Why does my call to google.cloud.run_v2.JobsClient() consistently block for 87 seconds?

116 Views Asked by At

I am writing a RESTful API in Python using Flask that needs to run a Google Cloud Run Job. Having installed the latest version (0.10.1) of google-cloud-run, my code is:

    client = run_v2.JobsClient()
    job_request = run_v2.RunJobRequest(dict(
        name="projects/my-project/locations/my-location/jobs/my-job",
        overrides=dict(
            container_overrides=[dict(
                args=["some", "command", "line", "arguments"]
            )]
        )
    ))
    operation = client.run_job(request=job_request)

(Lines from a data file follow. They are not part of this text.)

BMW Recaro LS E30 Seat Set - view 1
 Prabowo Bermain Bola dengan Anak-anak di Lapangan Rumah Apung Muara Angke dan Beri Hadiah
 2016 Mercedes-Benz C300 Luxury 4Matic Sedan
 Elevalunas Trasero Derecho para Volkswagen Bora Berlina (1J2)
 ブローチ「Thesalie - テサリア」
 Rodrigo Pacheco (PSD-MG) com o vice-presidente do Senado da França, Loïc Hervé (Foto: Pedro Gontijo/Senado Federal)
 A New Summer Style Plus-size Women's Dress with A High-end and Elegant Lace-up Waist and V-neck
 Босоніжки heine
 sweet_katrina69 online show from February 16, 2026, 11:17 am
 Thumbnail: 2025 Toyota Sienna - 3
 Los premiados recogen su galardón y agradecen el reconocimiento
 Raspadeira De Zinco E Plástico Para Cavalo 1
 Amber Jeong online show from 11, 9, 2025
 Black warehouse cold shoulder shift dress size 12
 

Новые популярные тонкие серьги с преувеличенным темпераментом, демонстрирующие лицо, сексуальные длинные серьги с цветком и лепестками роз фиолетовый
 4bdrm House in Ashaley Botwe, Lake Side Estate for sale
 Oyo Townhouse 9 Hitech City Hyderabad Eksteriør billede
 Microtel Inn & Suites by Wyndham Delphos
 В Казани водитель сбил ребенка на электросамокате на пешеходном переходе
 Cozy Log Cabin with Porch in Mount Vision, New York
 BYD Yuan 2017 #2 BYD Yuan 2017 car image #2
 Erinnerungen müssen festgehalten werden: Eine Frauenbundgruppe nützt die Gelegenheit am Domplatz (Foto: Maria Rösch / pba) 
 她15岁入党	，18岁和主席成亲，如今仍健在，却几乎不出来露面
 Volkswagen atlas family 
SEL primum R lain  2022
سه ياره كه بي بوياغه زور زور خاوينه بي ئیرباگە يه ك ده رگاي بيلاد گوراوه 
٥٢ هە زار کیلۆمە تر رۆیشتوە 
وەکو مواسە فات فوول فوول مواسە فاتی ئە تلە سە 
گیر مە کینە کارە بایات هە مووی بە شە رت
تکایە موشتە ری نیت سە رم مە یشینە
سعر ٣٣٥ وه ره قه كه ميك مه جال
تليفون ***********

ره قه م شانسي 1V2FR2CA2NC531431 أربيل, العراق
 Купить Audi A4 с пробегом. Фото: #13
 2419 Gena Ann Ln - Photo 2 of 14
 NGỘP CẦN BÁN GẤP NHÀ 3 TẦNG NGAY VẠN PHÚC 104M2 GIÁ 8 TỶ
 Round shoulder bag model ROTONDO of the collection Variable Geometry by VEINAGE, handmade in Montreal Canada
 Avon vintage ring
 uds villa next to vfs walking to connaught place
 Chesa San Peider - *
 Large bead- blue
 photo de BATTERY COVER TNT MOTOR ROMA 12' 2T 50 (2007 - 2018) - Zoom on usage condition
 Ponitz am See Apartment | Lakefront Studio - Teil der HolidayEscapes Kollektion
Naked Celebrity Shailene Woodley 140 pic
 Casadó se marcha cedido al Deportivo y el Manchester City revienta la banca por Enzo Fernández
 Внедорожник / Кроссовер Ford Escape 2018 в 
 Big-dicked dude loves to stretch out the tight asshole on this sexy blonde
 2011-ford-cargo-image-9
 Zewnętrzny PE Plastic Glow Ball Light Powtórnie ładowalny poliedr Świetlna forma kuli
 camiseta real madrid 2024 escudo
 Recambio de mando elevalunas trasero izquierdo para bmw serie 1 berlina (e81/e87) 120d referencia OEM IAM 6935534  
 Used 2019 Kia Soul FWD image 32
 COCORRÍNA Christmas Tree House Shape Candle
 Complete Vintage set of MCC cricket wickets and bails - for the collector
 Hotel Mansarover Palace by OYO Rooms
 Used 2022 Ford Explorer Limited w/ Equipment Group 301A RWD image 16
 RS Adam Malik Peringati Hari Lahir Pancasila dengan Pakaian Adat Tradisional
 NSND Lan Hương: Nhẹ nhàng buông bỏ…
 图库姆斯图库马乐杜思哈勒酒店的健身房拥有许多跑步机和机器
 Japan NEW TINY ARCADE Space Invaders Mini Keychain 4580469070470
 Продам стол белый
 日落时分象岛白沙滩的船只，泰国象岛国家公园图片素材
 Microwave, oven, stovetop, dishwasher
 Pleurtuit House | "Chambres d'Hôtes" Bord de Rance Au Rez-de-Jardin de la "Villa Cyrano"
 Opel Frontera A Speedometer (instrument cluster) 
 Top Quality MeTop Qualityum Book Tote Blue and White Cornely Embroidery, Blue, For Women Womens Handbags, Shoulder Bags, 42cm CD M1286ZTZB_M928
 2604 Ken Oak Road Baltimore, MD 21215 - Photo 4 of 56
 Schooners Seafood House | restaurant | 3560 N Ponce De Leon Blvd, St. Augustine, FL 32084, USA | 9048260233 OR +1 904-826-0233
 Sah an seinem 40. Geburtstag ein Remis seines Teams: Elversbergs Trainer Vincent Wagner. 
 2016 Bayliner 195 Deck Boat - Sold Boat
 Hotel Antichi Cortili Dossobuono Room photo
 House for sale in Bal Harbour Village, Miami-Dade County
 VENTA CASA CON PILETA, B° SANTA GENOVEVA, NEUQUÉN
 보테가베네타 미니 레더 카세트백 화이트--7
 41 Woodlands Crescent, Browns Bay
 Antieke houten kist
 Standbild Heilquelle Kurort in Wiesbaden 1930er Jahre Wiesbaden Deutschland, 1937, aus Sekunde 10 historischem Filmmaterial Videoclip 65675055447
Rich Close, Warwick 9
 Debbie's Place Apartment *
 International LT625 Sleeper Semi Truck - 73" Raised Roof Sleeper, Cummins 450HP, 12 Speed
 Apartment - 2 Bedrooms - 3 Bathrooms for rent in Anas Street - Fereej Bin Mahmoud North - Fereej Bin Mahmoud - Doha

For a while the code ran well in two different environments:

1.In a pytest unit test running on my local dev machine (authenticated by gcloud auth application-default login)

  1. In a Flask app in a staging container running as a Cloud Run Service (where application default credentials are in place, I assume).

Now when I run the code, it consistently blocks on the call client_run_job() for exactly 87 seconds and then returns successfully.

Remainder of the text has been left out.